May 18, 2014
By Sheryl Smolkin
Over the last few weeks, the Globe & Mail has featured an interesting series on debt, and how it is affecting both individuals and the economy. If you haven’t been following it, take a look at some of the stories below:
I particularly like Rob Carrick’s article There’s no such thing as good debt. Mortgages, investment loans and student loans have traditionally been characterized as “good” debt. Carrick agrees borrowing for each of these purposes can be a rational thing to do and you may end up wealthier as a result. But he concludes there are too many pitfalls today for any one of them to qualify as a no-brainer financial decision.
Big Cajun Man (Alan Whitton) on the Canadian Personal Finance lists several articles about the evils of debt among his personal favourites. In 2008, he wrote Debt is like Fat. He says that just like his weight gain occurred a little at a time over 14 years, if you are not careful, debt build up can occur slowly without your noticing it.
If you are facing a mountain of debt and don’t know where to start, take a look at How I Paid Off $30,000 of Debt in Two Years, The Blog Post I’ve Been Waiting to Write and What a Year of Being Debt-Free Has Taught Me by Cait Flanders, who blogs at Blonde on a Budget.
In 2013, Krystal Yee at Give me back my five bucks wrote How do you fight debt fatigue?. Debt fatigue is a mental state that can happen when you’ve been in debt for so long that you think you’ll never dig yourself out of the hole you’ve created for yourself.
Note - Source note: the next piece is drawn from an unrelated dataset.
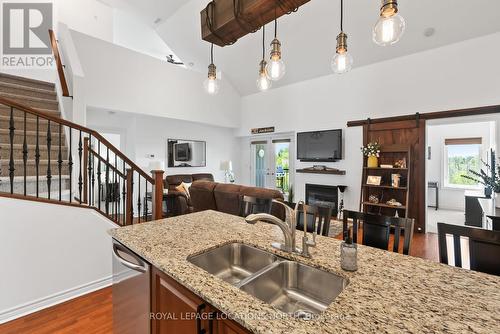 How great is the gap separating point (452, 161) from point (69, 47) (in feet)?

She quotes financial expert Gail Vaz-Oxlade who often tells people on her television shows to try and make a plan to get out of debt in 36 months or less – because anything more than three years, and you’ll likely suffer from some form of debt fatigue.
And finally, in a guest post on the Canadian Finance blog, Jim Yih from Retire Happy wrote that Debt Can Be A Problem For The Baby Boomers’ Retirement Plans. He says baby boomers who are getting ready for retirement need to get serious about planning for the best years of their lives. Part of getting serious is addressing debt head on and taking the necessary steps to develop good habits around debt. His five tips on how boomers can deal with the debt epidemic are: stop overspending; increase your income; get support; focus on you before your kids; and, take one step at a time.